I HAVE FOUND THAT IT IS NOT ALL-CAPS THAT BOTHERS ME AS MUCH AS IT IS ALL-BIG. IF THE SIZE VARIES, IT SEEMS LESS LIKE YELLING.

Death, is that you? I'm not ready!
posted by filthy light thief at 2:02 PM on February 6, 2015 [12 favorites]


I CAN'T BELIEVE NO ONE HERE HAS PH'NGLUI MGLW'NAFH CTHULHU R'LYEH WGAH'NAGL FHTAGN YET
posted by surazal at 2:02 PM on February 6, 2015 [1 favorite]


CAPSLOCK IS CRUISE CONTROL FOR COOL.
posted by Obscure Reference at 2:08 PM on February 6, 2015 [5 favorites]


But most of the time I was like "Dad, is that you?"

Because he all-caps his subject lines.


Wait, do I have more siblings that I wasn't aware of?

It took him about 8 years of being online before he moved from entire emails in all caps to (usually) just the subject lines.
posted by Foosnark at 2:21 PM on February 6, 2015 [2 favorites]


THIS IS LIKE MY SARCASM SPEECH IMPEDIMENT
posted by St. Peepsburg at 2:26 PM on February 6, 2015 [1 favorite]


Don't just going go throwing that out there when there are Canadians reading the thread unless you want us to bring DOCTOR WILDER FUCKING PENFIELD into it.
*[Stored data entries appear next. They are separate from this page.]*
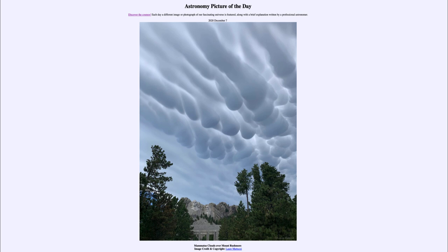So that was our picture of the day for December the 7th of 2020, titled 'Mammatus Clouds over Mount Rushmore.' We'll be back again tomorrow for the next picture, previewed to be an almost great conjunction. Until then, have a great day everyone, and I will see you in class.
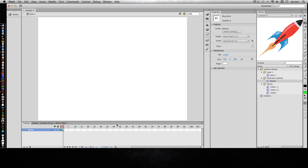Besides the motion tween, there are two other tweens in Flash that you should be aware of: the shape tween and the classic tween.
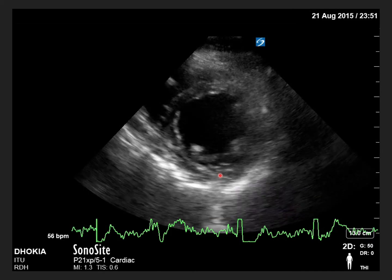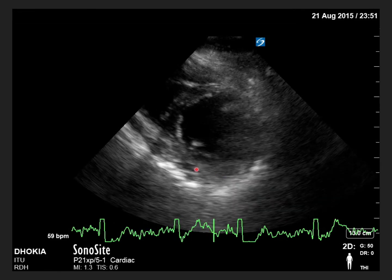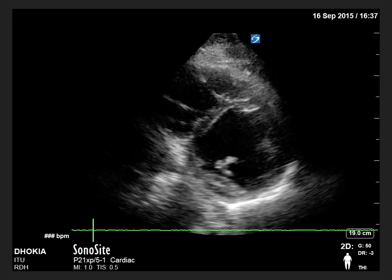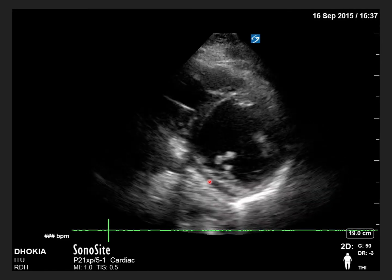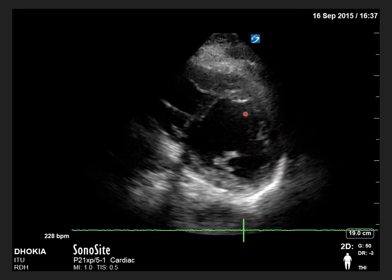In this example, the left ventricle is completely collapsing and squeezing all the blood out — indicating good LV function. In the next example, the left ventricle is barely contracting — this is a sick heart.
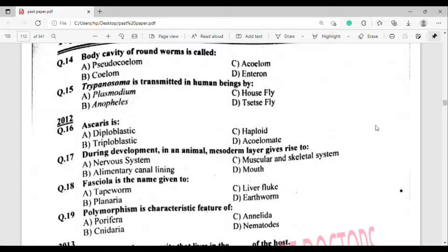Question number 19: Polymorphism is a characteristic feature of which group? The correct answer is option Theta — Cnidaria.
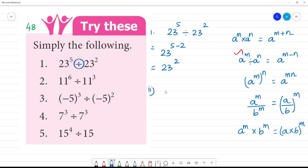Second one: 11 to the power 6 minus 3, that is equal to 11 to the power 3.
SO WE'RE TALKING ABOUT THE GREATEST CANADIAN NOW? I HAVE TO RESPECTFULLY DISAGREE AND SAY TOMMY DOUGLAS WOULD GET MY VOTE ON THAT SCORE, BUT THERE'S ROOM IN THE PANTHEON OF GREAT CANADIANS FOR BOTH.

HAVE A NICE WEEKEND, EH?
posted by mandolin conspiracy at 2:32 PM on February 6, 2015


At one time the caps lock key and control key were reversed. The control next to A and caps lock below the shift. This was a better world. Then IBM swapped them for their original PC keyboards
I don't know on what systems the caps lock and control were reversed, but I do know that caps lock being next to the A dates from mechanical typewriters.

The caps lock key is located where it is because it is directly above the shift key. On mechanical typewriters, it was a physical toggle button that held down the shift key.
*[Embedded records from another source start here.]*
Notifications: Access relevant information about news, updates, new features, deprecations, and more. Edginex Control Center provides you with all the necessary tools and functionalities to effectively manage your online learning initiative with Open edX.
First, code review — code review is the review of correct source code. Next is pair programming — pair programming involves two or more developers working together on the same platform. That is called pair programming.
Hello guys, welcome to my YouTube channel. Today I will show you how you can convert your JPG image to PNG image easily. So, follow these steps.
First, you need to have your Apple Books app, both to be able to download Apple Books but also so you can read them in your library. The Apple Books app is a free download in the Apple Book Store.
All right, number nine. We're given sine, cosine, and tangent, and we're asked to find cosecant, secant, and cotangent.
The reason the shift key is called "shift" also dates from mechanical typewriters. The key would physically shift the mechanism so that the uppercase letters hit the paper (through the ink ribbon) instead of the lowercase letters. Likewise for symbols versus numbers.
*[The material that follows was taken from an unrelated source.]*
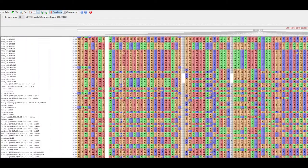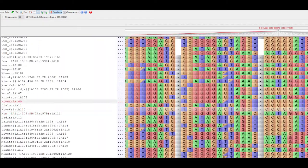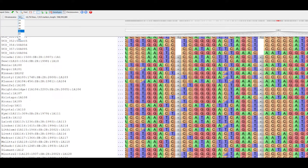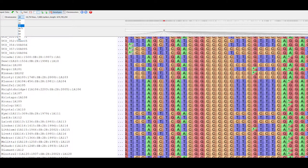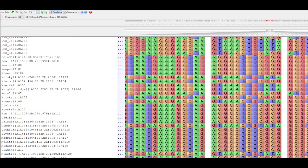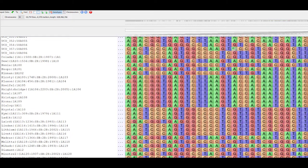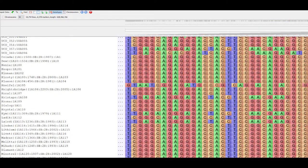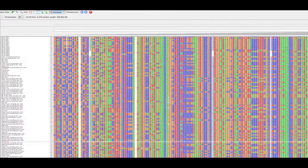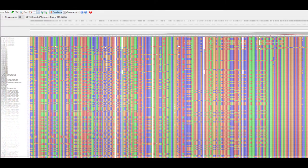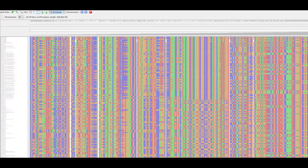Flapjack was developed to handle high-throughput single nucleotide polymorphism, or SNP data, and genotyping by sequencing, or GBS data, from various platforms, providing real-time rendering with rapid navigation and comparisons between lines, markers and chromosomes, with visualization, sorting, and querying based on associated data such as phenotypes, quantitative trait loci, or other mappable features.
I don't know the veracity of this, but I have heard that the layout of QWERTY keyboards was influenced by two things:

1- Arrange letters so that most words can be typed by alternating from one side of the keyboard to the other, in order to reduce jams in the physical mechanism, and...
2- Allow sales people to type the word "typewriter" quickly and without having to learn to use more than one row.

Modern technology often seems like a gift from the future. It's very easy to forget that in reality it is built upon history, just like everything else. (And don't think this is limited to the keyboard!)
posted by swr at 2:34 PM on February 6, 2015 [1 favorite]




THIS IS AN INTERESTING ARTICLE ON HOW THE QWERTY KEYBOARD CAME TO BE. APPARENTLY IT WAS TELEGRAPH OPERATORS WHO INFLUENCED IT, RATHER THAN MECHANICAL FAILURE.
posted by mandolin conspiracy at 2:41 PM on February 6, 2015


A senior colleague who had a bad patch sent me an email once about a construction drawing of a 1790s fortepiano - all in caps and without punctuation. He clearly found that I had asked him a naïve question.
It's much more disconcerting to read stuff like "ANDREAS STREICHERS ACTION DRAWING IS NOT TO SCALE AND NOBODY WAS SUPPOSED TO WORK AFTER IT IT WAS ONLY FOR THE GENERAL INFORMATION OF THE CUSTOMERS AND IT IS WRONG TO DRAW TOO SUBTLE CONCLUSIONS FROM IT" than, for example, "LOL DUMBO WTF" or something similar. Shook me to my bones.
posted by Namlit at 2:41 PM on February 6, 2015 [3 favorites]


Another annoyance is how Windows handles the shift key if caps lock is on: Windows uncaps the letter! Why would you do that? When you do want to type in all caps, why would you want to stick a lower case letter in the middle when you are typing. Macs don't do this, shift+caps lock still is a capital letter.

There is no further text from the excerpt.